The period the Commission may review previous claims

[46] I find that the Commission has the authority to review previous claims even though the Appellant may have reported training information on her application and biweekly reports.Footnote 20

[47] The law states that the Commission may, at any point after benefits are paid to a claimant who is taking unapproved training, verify that they are entitled to those benefits by requiring proof that they were capable of and available for work on any working day of their benefit period.Footnote 21

[48] The law also states that the Commission has 36 months after paying EI benefits, to reconsider a claim for benefits.Footnote 22 This period is extended to 72 months in cases where, if in the opinion of the Commission, a false or misleading statement or representation has been made in connection to a claim.Footnote 23

[49] The Federal Court of Appeal recognizes that the Commission can’t review changes to claims at the exact time they happen. It is precisely for that reason that the Act allows the Commission time to rescind or amend any decision given in any particular claim for EI benefits.Footnote 24

[50] I recognize that, there are two sections in the Appellant’s application for EI benefits that states her requirements to be available for and looking.Footnote 25 However, when the Appellant asked the Commission’s agents questions about her training, it didn’t tell her there was a possibility she wouldn’t be entitled to those benefits. Instead, it simply paid her the benefits. Any person would reasonably assume in these circumstances that they were entitled to the benefits they were receiving.

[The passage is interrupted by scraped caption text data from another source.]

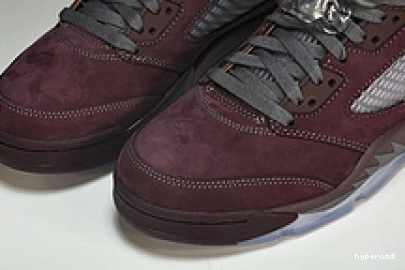 Hyperoad 5 “Burgundy” Air Jordan 1101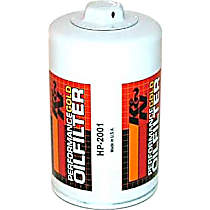 Oil Filter, Canister, Yes, 6 Cyl 3.4L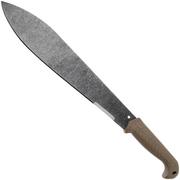 Condor Terrachete CTK2850-145-HC, 1075 Carbon Steel, Desert Tan, machete, diseño Joe Flowers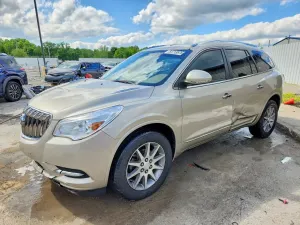 Buick Enclave 3.6L 6 2017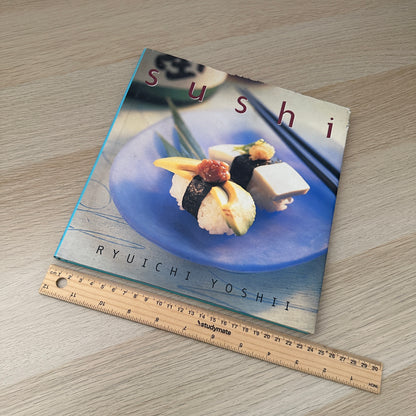 Sushi | Hardcover | Ryuichi Yoshii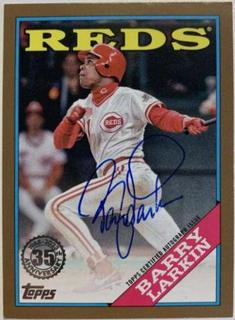 Barry Larkin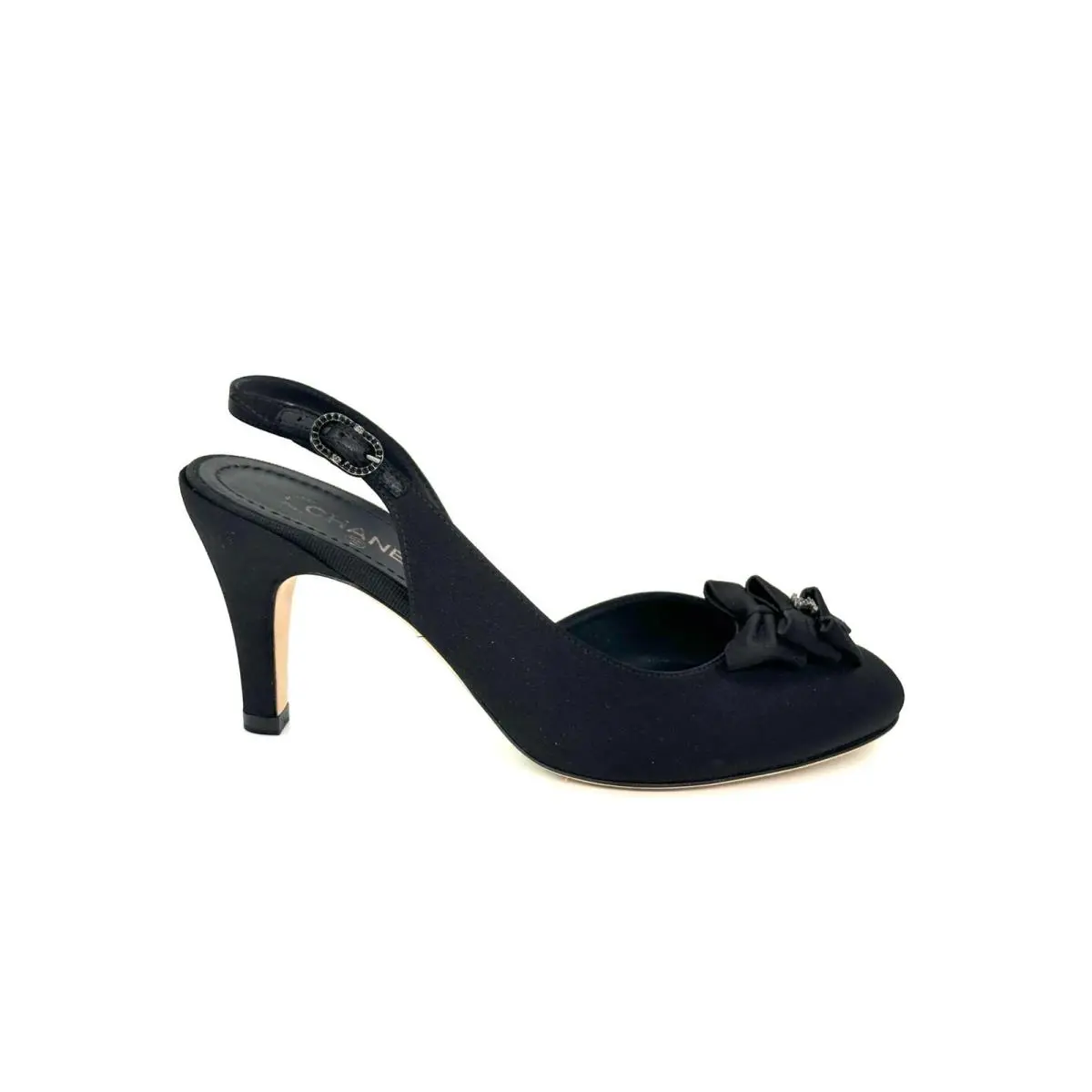 Chanel shoes - Black 44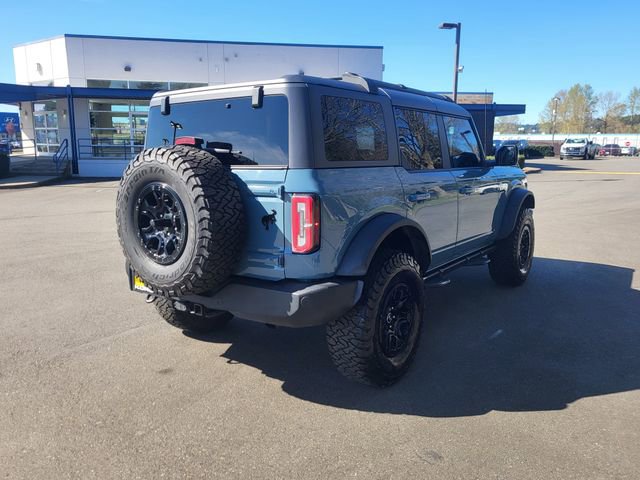 Used 2021 Ford Bronco Wildtrak image 9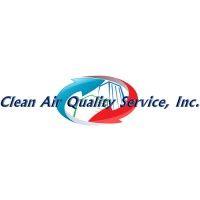 clean air quality service inc logo image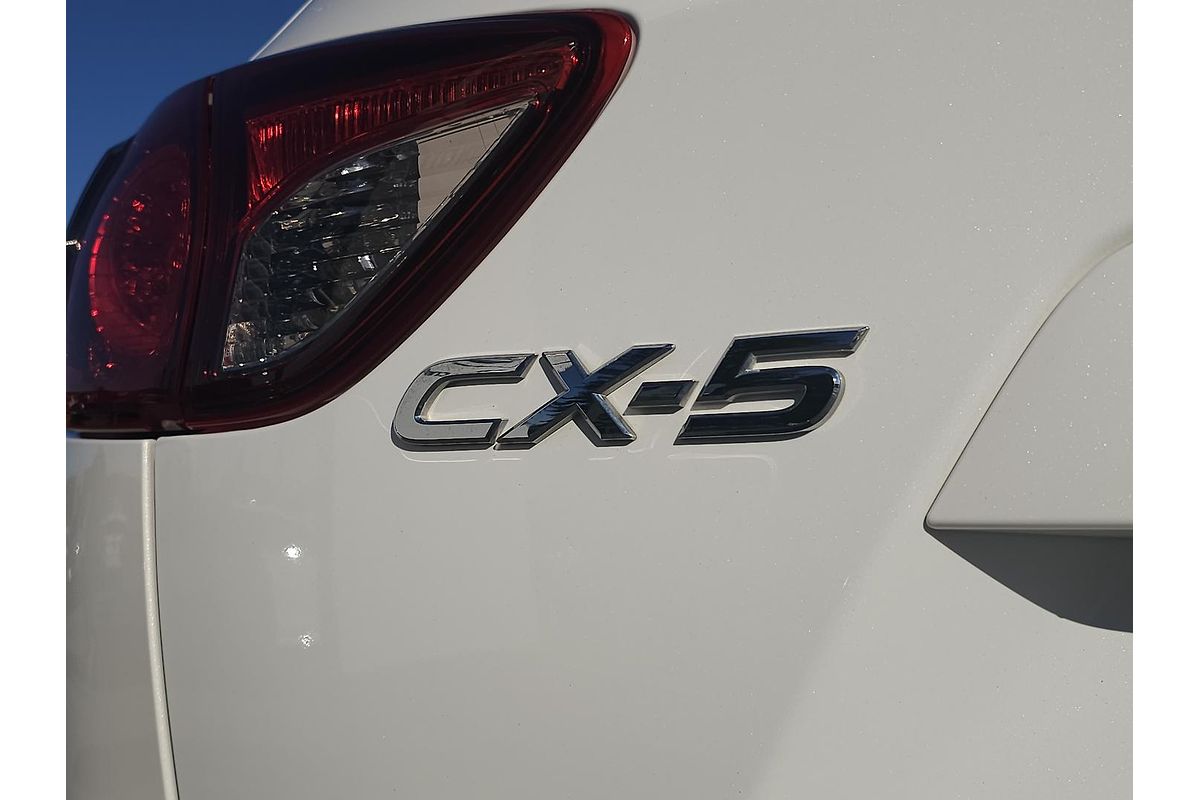 2015 Mazda CX-5 Maxx Sport KE Series 2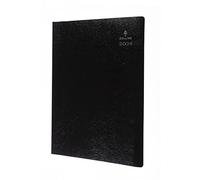 Collins Debden Collins Leadership 2024 Diary A4 Week to View Business Planner (Appointments) - Business Planner and Organiser - January to December 2024 Diary - Weekly - Graphite - CP6740.99-24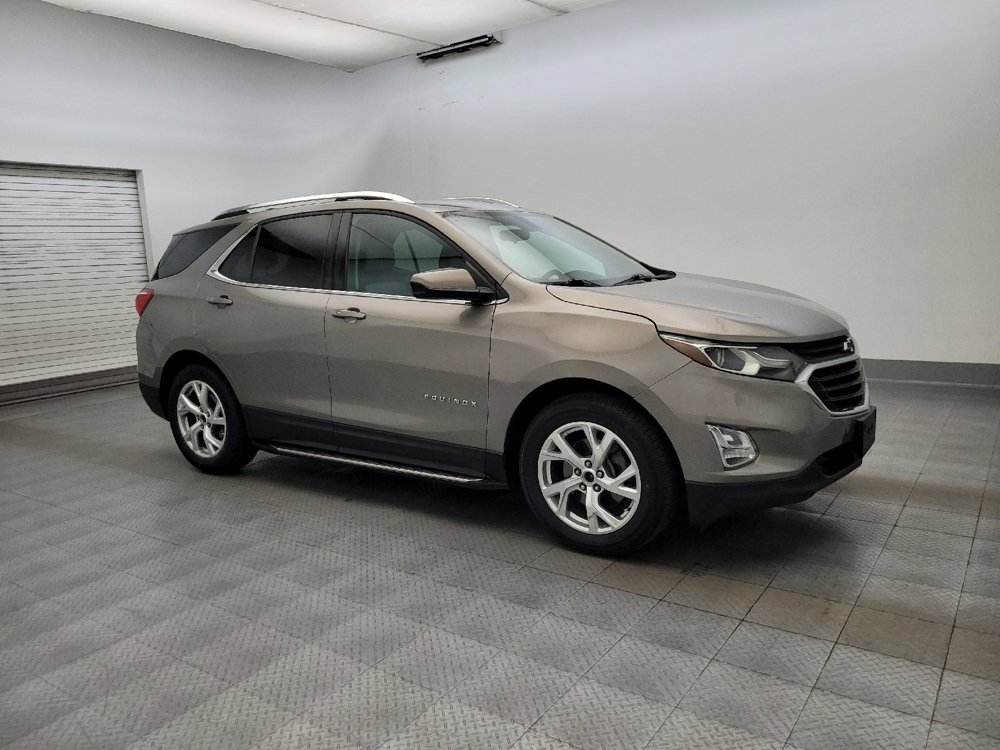 Used 2018 Chevrolet Equinox LT FWD image 11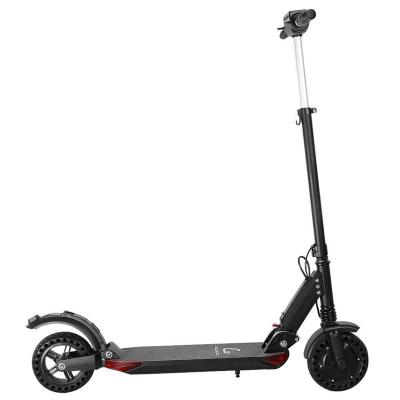 China Unisex Wholesale Kugoo S3 Pro folding mobility scooter LCD display 350W cheap price adult moped mobility scooter electric for sale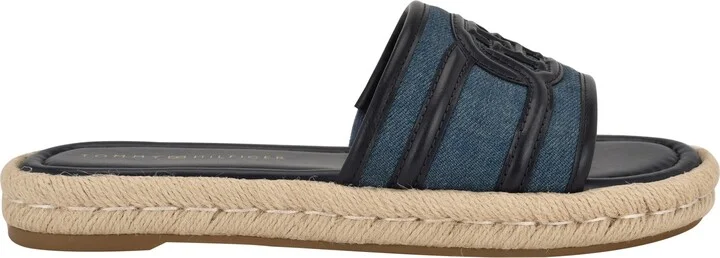 Hadjea Espadrille Slide Sandal - Image 3
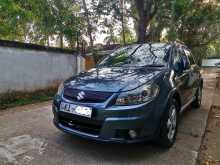 Suzuki SX4 2009 Car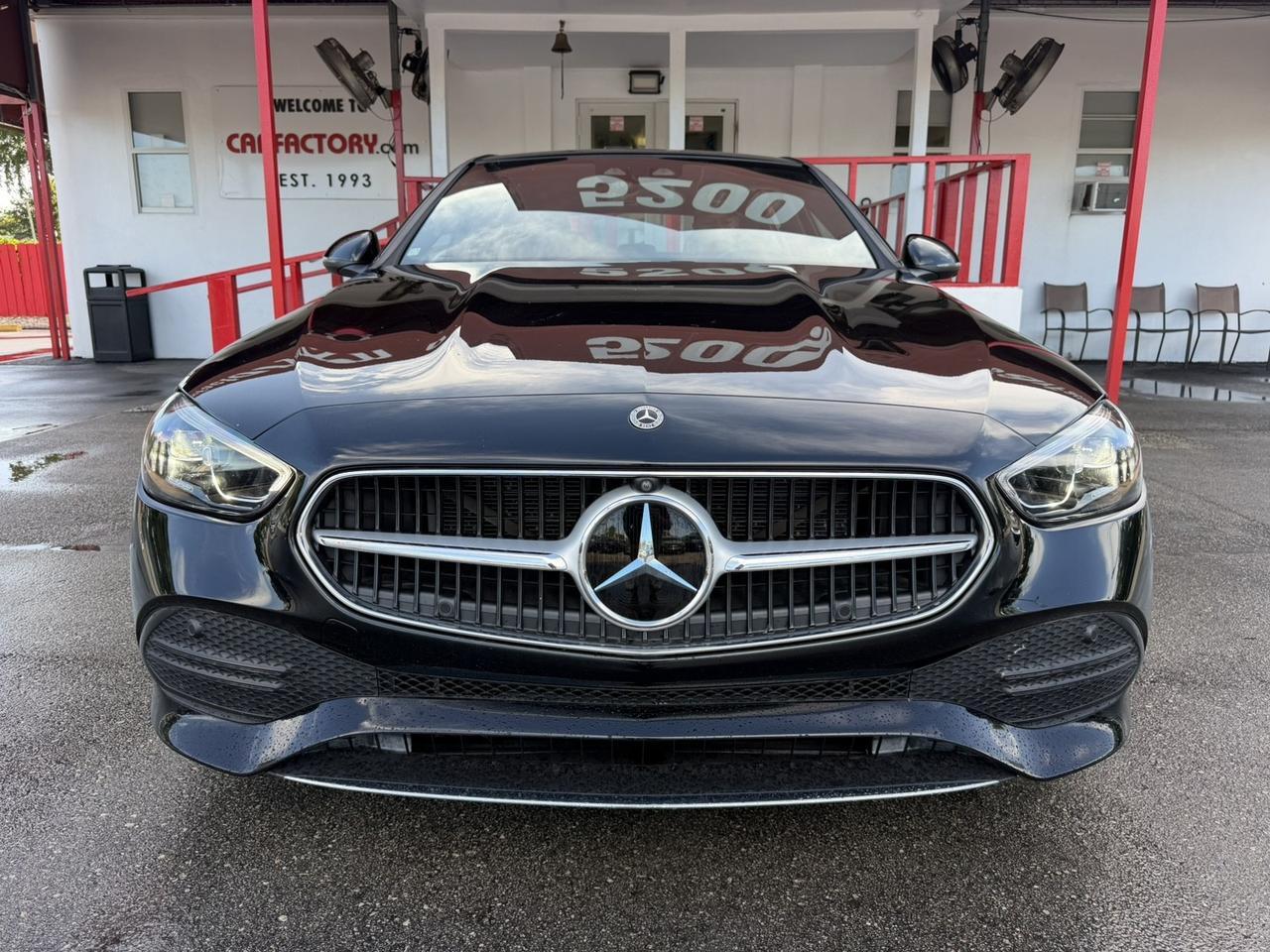 2023 Mercedes-Benz C-Class C 300 Hollywood FL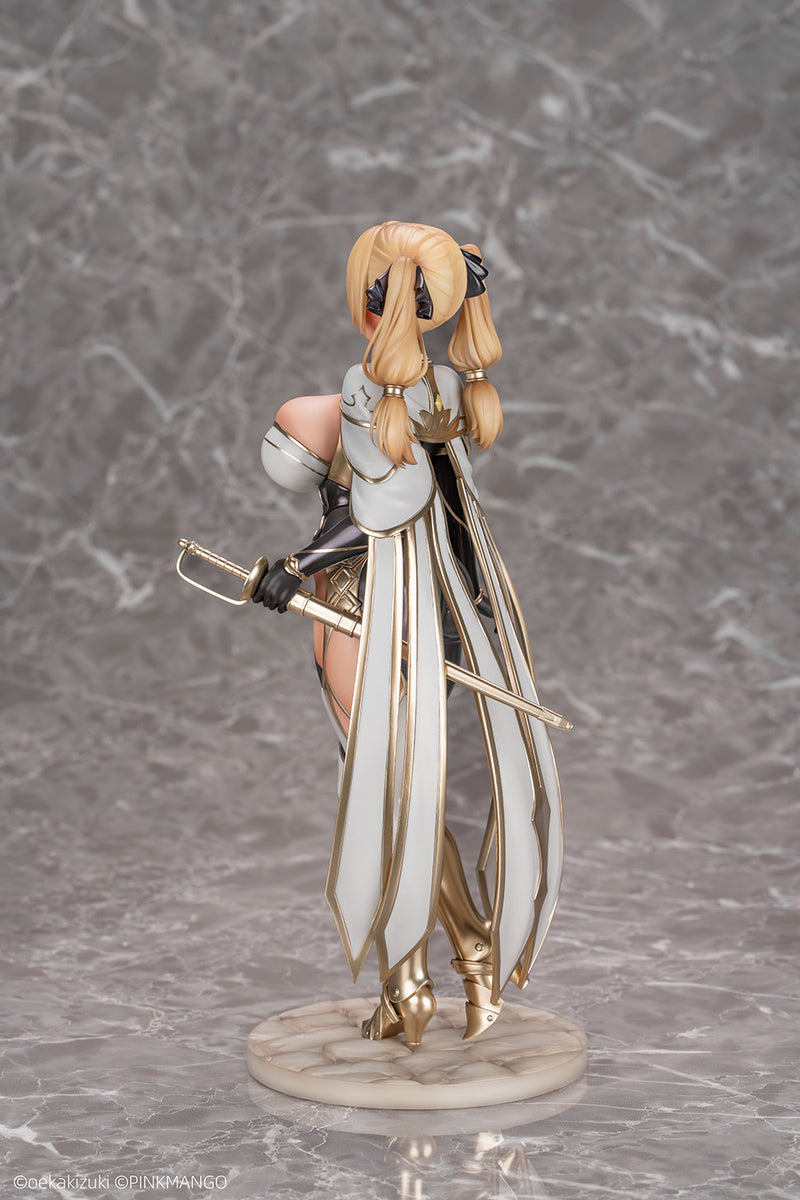 Illustration by oekakizuki PinkMango Sylphina Extra Color Ver. Special Ver.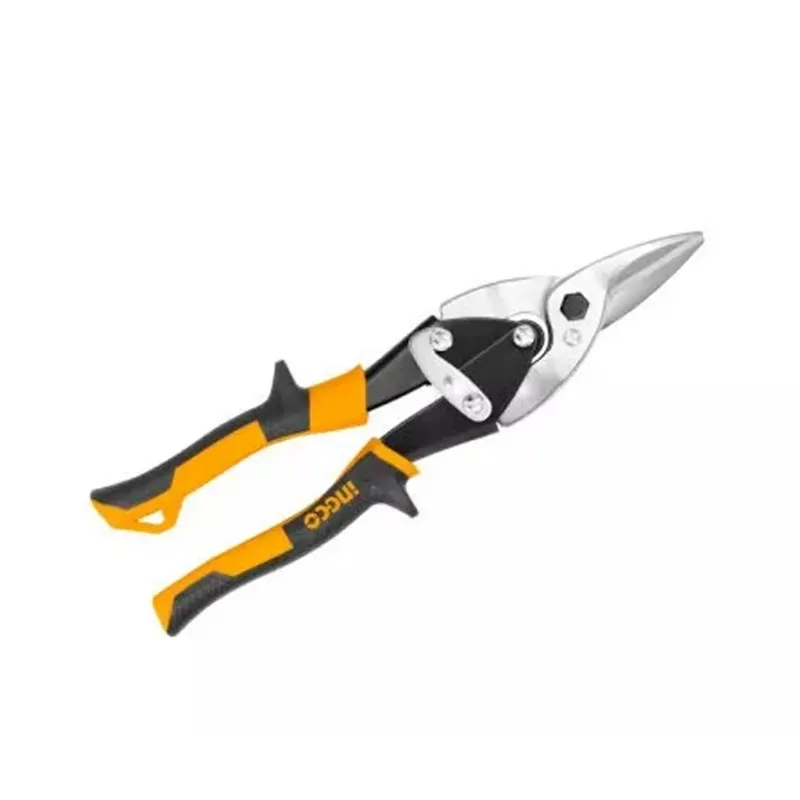Ingco 10 inch/250 mm Aviation Snip (HTSN0110S)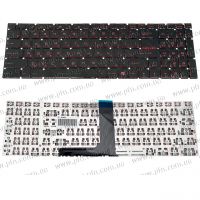 Клавиатура для ноутбука MSI GE72 GE72VR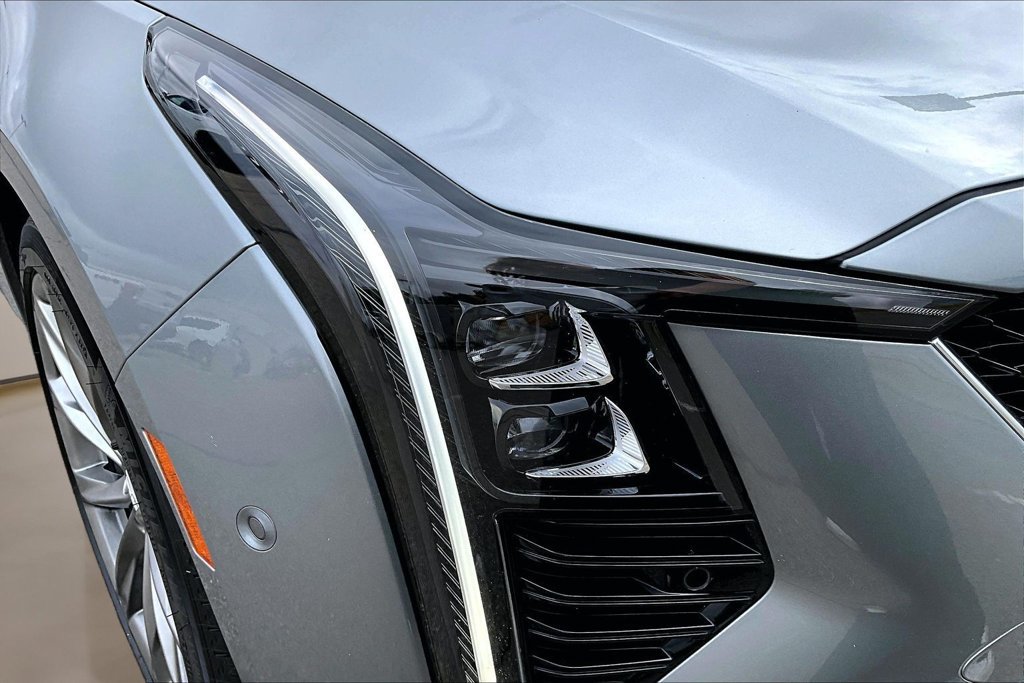 Used 2025 Cadillac CT5 Sport w/ Sun And Sound Package RWD image 31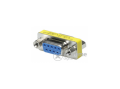 ROLINE D-Sub 9 F/F adapter (12.03.2030-50)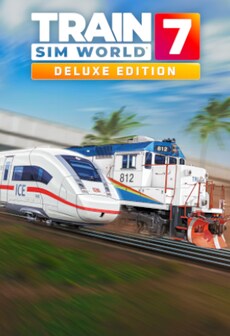 Train Sim World 7 | Deluxe Edition (PC) - Steam Gift - GLOBAL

[51] I commend the Appellant for taking the initiative to increase her knowledge, skills, and abilities to make herself more employable. However, this doesn’t change the requirements that she has to meet to be entitled to the EI benefits she received.

[52] This is truly an unfortunate situation. I recognize that the Commission’s lengthy delay (8 months) when reviewing the Appellant’s availability has created a large overpayment. The Appellant disclosed that she was attending training in her application and on her biweekly reports. So had the Commission conducted their review sooner, the overpayment may not have been as large. This said, the Commission conducted its assessment in accordance with the law so the overpayment is valid.

Can I reduce or write off the overpayment?

[53] No. The law states that a claimant is responsible (liable) to repay EI benefits that they are not entitled to receive.Footnote 26

[54] I don’t have any authority to reduce or waive the overpayment.Footnote 27 That authority rests with the Commission.

[55] I also don’t have any authority to order the Commission to waive an overpayment. This said, I would ask that the Commission consider reducing or waiving the overpayment in this case, given the lengthy delay in reconsidering the claim. Some delay is reasonable. However, even when considering the pandemic circumstances, a delay of 8 months is not reasonable. The overpayment would likely not have been as large as it is, had the Commission reviewed the Appellant’s training information and availability sooner.

[56] I sympathize with the Appellant given the circumstances she presented. Although the Appellant may perceive this as an unjust result, my decision is not based on fairness or financial hardship. Instead, my decision is based on the facts before me and the application of the EI law. There are no exceptions and no room for discretion. I can’t interpret or rewrite the Act in a manner that is contrary to its plain meaning, even in the interest of compassion.Footnote 28

Conclusion

[57] I am dismissing the appeal with modification to the end date of the disentitlement.

[58] The Appellant is disentitled from receiving EI benefits from October 5, 2020, to July 16, 2021.